Material shown:
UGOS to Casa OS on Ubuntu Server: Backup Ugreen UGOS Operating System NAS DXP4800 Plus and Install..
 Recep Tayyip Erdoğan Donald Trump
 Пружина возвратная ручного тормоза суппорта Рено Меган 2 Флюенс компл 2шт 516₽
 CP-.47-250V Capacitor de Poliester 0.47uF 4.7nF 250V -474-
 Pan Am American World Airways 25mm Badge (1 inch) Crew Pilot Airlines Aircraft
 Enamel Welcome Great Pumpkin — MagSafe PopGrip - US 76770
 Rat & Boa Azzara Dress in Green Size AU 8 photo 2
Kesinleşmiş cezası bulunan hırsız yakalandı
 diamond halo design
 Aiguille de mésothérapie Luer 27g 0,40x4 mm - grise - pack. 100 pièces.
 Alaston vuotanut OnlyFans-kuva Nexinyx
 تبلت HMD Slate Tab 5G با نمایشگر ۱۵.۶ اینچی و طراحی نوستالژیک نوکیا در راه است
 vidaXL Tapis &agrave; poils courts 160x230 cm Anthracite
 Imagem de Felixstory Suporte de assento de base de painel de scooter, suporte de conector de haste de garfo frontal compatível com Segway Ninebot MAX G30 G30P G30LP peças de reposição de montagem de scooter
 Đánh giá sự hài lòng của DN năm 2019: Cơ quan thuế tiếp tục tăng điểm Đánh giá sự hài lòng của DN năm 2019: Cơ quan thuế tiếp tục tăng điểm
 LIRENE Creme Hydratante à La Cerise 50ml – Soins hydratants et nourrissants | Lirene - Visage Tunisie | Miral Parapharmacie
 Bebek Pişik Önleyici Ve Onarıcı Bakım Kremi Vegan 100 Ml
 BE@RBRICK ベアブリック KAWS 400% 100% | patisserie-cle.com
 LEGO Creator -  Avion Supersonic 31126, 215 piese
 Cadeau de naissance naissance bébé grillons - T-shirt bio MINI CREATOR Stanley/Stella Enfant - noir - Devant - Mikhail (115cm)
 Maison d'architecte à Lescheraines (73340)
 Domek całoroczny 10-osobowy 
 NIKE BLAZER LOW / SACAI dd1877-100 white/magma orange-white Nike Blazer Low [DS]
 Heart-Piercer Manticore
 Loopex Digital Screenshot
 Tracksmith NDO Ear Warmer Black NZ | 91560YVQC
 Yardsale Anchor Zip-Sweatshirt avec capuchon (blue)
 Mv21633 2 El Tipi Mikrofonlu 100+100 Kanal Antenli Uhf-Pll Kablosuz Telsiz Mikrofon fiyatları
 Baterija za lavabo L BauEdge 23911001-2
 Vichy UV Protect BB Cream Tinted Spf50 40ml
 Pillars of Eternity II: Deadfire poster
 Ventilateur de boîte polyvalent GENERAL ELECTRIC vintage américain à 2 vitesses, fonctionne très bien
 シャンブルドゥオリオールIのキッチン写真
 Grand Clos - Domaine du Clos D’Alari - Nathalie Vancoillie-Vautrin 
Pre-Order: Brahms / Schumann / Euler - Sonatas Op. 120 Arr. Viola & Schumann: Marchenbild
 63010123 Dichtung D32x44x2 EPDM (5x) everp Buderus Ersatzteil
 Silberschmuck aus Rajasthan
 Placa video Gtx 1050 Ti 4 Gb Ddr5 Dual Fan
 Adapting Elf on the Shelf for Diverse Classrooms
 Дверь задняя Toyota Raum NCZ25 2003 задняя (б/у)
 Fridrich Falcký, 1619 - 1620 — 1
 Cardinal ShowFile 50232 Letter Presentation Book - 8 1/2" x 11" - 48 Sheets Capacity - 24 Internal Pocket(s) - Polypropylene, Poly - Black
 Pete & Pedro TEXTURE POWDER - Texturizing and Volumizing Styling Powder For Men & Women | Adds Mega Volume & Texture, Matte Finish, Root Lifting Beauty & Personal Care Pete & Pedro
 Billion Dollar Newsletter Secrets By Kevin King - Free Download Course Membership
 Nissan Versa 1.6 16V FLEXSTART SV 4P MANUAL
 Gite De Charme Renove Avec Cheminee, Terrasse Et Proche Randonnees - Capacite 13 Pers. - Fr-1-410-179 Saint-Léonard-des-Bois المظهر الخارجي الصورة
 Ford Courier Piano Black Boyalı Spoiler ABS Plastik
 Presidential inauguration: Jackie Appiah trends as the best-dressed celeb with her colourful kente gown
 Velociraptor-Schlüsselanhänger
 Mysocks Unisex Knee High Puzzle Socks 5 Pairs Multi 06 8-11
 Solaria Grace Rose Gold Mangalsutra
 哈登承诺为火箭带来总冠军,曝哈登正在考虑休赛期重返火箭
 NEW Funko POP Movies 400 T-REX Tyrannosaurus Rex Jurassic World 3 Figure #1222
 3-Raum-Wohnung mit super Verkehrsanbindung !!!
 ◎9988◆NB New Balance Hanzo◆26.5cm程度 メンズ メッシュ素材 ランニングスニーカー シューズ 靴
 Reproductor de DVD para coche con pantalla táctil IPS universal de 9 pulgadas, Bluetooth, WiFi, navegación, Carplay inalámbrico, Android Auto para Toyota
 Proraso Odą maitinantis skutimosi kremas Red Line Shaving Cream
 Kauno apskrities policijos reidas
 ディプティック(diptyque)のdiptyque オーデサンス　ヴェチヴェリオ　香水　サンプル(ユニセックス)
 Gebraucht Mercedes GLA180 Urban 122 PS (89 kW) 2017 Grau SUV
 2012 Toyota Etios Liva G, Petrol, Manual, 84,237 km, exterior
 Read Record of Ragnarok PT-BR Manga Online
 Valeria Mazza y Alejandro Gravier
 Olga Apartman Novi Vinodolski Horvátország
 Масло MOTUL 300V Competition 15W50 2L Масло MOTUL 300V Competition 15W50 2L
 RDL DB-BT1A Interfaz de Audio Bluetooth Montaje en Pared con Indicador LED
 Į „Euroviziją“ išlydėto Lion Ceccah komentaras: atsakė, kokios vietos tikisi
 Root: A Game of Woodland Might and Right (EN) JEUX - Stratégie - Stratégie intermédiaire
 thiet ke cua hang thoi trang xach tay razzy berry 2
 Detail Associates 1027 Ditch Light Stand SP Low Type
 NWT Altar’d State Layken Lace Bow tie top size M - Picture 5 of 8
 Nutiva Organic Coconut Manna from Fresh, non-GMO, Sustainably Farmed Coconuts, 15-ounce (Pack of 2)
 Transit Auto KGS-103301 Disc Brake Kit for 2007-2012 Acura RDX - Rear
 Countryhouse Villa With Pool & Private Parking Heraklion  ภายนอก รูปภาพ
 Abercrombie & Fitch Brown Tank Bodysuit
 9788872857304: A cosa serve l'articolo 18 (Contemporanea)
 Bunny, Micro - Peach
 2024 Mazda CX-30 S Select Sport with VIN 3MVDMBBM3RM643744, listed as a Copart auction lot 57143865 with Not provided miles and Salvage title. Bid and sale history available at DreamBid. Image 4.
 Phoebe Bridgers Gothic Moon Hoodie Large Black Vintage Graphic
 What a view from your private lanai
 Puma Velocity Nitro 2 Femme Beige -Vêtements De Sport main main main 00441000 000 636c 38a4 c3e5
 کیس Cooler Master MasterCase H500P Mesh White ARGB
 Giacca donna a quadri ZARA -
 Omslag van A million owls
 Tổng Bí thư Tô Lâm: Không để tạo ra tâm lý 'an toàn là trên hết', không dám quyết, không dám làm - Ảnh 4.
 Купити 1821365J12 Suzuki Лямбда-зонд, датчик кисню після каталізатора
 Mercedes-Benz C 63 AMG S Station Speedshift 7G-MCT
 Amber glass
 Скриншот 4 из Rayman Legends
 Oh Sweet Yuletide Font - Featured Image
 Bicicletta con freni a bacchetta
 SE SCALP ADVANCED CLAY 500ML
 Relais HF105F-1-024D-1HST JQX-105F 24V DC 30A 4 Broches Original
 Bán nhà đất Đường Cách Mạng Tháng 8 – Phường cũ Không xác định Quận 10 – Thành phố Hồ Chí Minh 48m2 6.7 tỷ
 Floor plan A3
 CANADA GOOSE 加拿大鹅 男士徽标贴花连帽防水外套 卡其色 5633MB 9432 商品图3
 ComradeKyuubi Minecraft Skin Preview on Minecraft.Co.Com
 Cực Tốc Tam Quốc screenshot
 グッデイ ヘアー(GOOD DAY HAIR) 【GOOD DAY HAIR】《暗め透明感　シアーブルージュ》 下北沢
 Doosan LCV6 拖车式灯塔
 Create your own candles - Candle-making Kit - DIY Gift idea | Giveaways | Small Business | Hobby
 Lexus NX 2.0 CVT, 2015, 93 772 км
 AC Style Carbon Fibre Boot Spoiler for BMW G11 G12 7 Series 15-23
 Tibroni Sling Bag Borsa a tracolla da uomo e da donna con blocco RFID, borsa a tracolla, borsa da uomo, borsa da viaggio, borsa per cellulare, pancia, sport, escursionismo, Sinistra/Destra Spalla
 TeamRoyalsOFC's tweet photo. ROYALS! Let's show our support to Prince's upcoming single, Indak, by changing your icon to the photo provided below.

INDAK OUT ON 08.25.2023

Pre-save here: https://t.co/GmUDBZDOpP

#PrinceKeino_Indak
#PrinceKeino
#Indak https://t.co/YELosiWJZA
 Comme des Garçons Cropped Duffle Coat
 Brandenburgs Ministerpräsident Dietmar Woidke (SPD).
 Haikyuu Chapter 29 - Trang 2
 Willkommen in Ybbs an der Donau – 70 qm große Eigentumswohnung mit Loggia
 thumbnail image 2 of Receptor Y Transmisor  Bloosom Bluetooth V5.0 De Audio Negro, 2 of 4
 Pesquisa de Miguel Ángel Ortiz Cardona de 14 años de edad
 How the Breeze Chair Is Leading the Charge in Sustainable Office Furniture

Required action:
Repeat exactly the lines above from the one with "Countryhouse Villa With" up to and including the one with "کیس Cooler Master". No other line belongs in the reply.

Task solution:
 Countryhouse Villa With Pool & Private Parking Heraklion  ภายนอก รูปภาพ
 Abercrombie & Fitch Brown Tank Bodysuit
 9788872857304: A cosa serve l'articolo 18 (Contemporanea)
 Bunny, Micro - Peach
 2024 Mazda CX-30 S Select Sport with VIN 3MVDMBBM3RM643744, listed as a Copart auction lot 57143865 with Not provided miles and Salvage title. Bid and sale history available at DreamBid. Image 4.
 Phoebe Bridgers Gothic Moon Hoodie Large Black Vintage Graphic
 What a view from your private lanai
 Puma Velocity Nitro 2 Femme Beige -Vêtements De Sport main main main 00441000 000 636c 38a4 c3e5
 کیس Cooler Master MasterCase H500P Mesh White ARGB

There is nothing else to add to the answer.